ASSIGNMENT: The whole listing needs retyping exactly; keep the pictures out of it.

COLLECTED MATERIAL:

*** Block opens ***

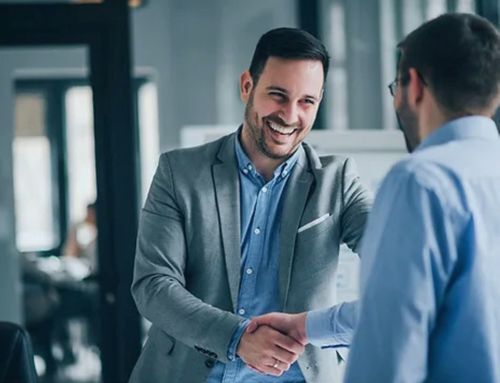 Two professionals shaking hands over architectural plans, representing strong collaboration and partnership in construction engineering projects.
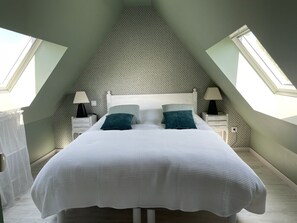 Une chambre avec un plafond en pente, un lit recouvert d’une literie blanche, deux tables de chevet avec des lampes et une fenêtre sur le côté gauche.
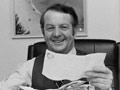 Bill Rowling reading congratulatory telegrams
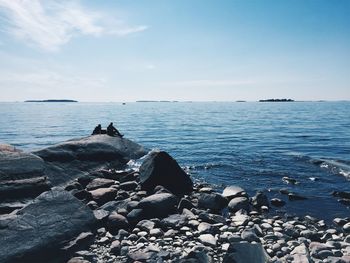 People on rocks by sea against sky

*** Block closes ***

SOLVED EXERCISE:
 Two professionals shaking hands over architectural plans, representing strong collaboration and partnership in construction engineering projects.
 Une chambre avec un plafond en pente, un lit recouvert d’une literie blanche, deux tables de chevet avec des lampes et une fenêtre sur le côté gauche.
 Bill Rowling reading congratulatory telegrams
 People on rocks by sea against sky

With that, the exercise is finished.